January 28, 2022
The 2019 Health Survey for England estimated that 28% of British adults are categorised as obese, with an additional 36.2% considered to be overweight. The same survey found that Britons aged 45-74 were more likely to fall into either of these categories.
Up to 20 million people in the UK will have varicose veins at some point in their lives. This includes large and inflamed ‘trunk’ veins, smaller ‘reticular’ veins, and thread or spider veins. Symptoms tend to become more serious with age.
Risk factors include age, gender (as women are more commonly affected than men), family history and number of pregnancies. Importantly, obesity also plays a significant role.
But does extra weight make it more difficult to diagnose and treat varicose veins, and can adopting a new lifestyle help? Read on to find out more about these often-misunderstood questions.
Strong valves in the leg veins are crucial as they prevent blood from flowing backwards and pooling in the legs, and obesity causes increased pressure on both leg veins and their valves.
For the blood in leg veins to overcome this increase in pressure and send the blood back to the heart against gravity, it must have enough pressure to force the veins open. This can cause valves to weaken and break. The resulting pressure on the valves causes the vein branches to expand, leading to varicose veins and potentially more serious issues such as leg ulcers.
Excess weight can also slow down the exchange of blood flow between deeper and more superficial veins, which can also lead to varicose veins.
Diagnosing varicose veins is made more complicated in overweight patients, and even more so when the patient is classified as morbidly obese. This is because medical imaging tends to show fewer abnormalities when there is extra weight hiding any unhealthy veins underneath.
If you are overweight, you may have varicose veins that aren’t visible below the surface of your skin. This can be dangerous as more serious forms of vein disease can develop that are often more difficult to treat.

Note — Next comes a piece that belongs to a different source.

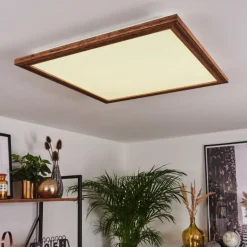 Plafonnier Raimea LED Blanc, 1 lumière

This is why early detection and treatment is the best course of action.
In addition, being overweight can make treatment more difficult and can even limit the procedural methods as excess fat is likely to make accessing the affected veins harder to reach and therefore treat.

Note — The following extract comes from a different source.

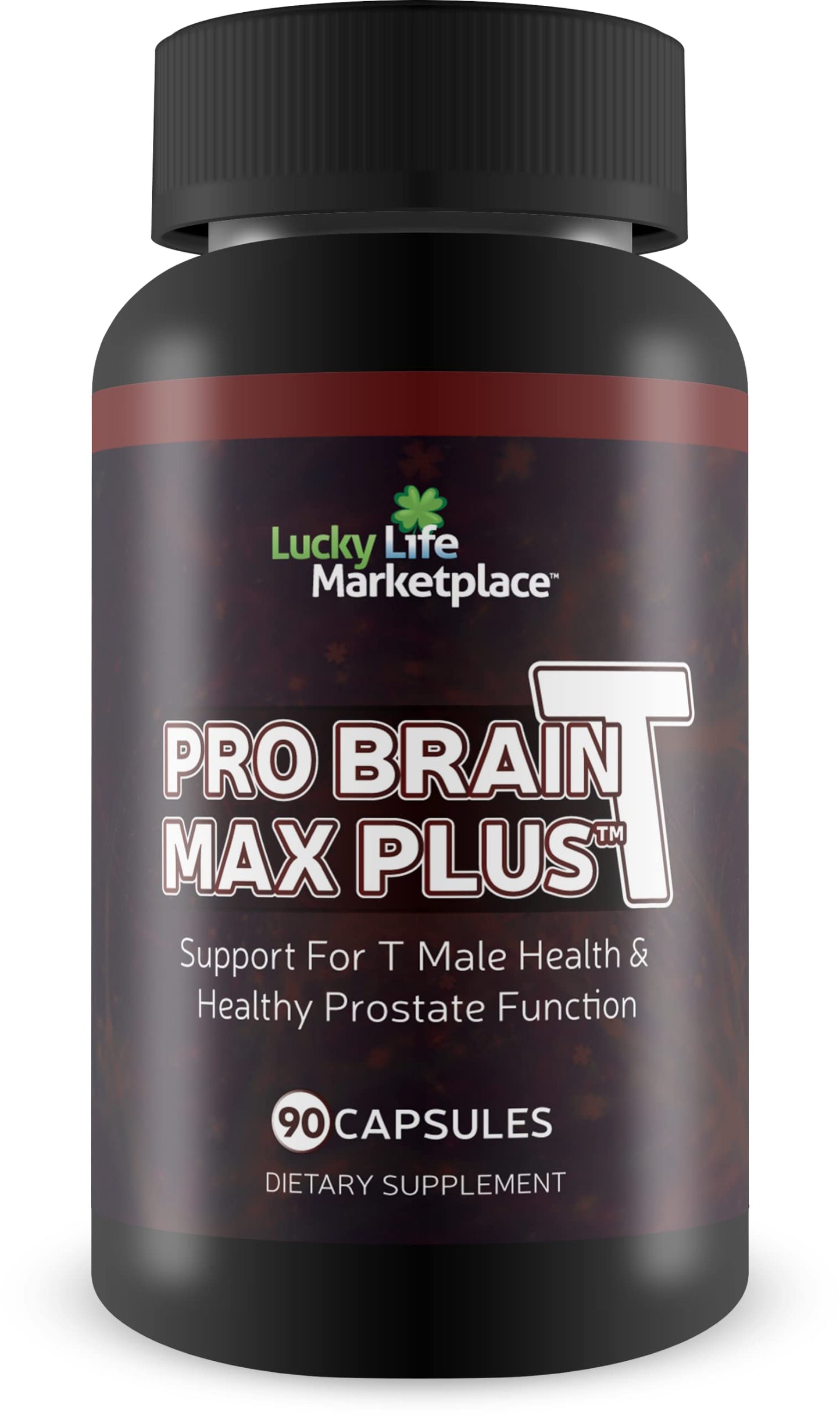 Generic Pro Brain-T Max Plus Capsule 1 Count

A combination of diet and exercise is key to losing weight. People who are obese also tend to exercise less, which reduces circulation and leads to blood pooling in the veins. A sedentary lifestyle will increase your chances of developing varicose veins.

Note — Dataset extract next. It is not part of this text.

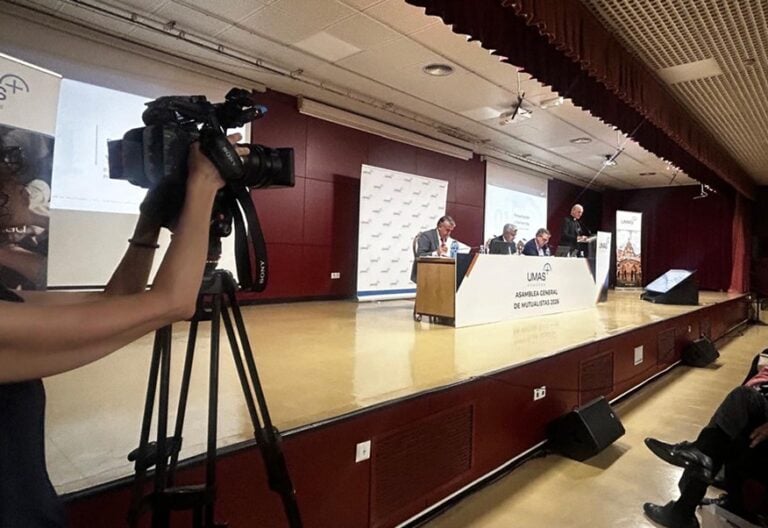 Asamblea general de UMAS 2026. Foto: UMAS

The good news, however, is that it doesn’t take a huge amount to make a difference; even short but regular walks can significantly improve your vein (and overall) health.
This is why it is important to find what type of exercise you enjoy and that you can fit into your daily or weekly routine. If you already know you have varicose veins, opting for low-impact activities like walking, cycling or swimming can help manage symptoms and prevent things from getting worse.
You should also make improvements in your diet and have healthier meals. It’s important to maintain balance in your meals, ensuring there is enough protein, fibre, minerals, vitamins and water
If you’re overweight or obese, losing weight can help alleviate varicose vein symptoms like aching, swelling, and associated conditions such as restless legs syndrome. While weight loss will not make existing varicose veins go away, it can help prevent more from developing by reducing pressure on veins.
As well as these new habits, it’s important to see a specialist, especially if you start to notice symptoms like leg swelling, pain or discomfort, restless legs or skin discolouration; even if there are no visible varicose veins.
And whether or not you have excess fat, if you have varicose veins, it’s always best to seek medical advice as early as possible, so you can have them treated before they get worse.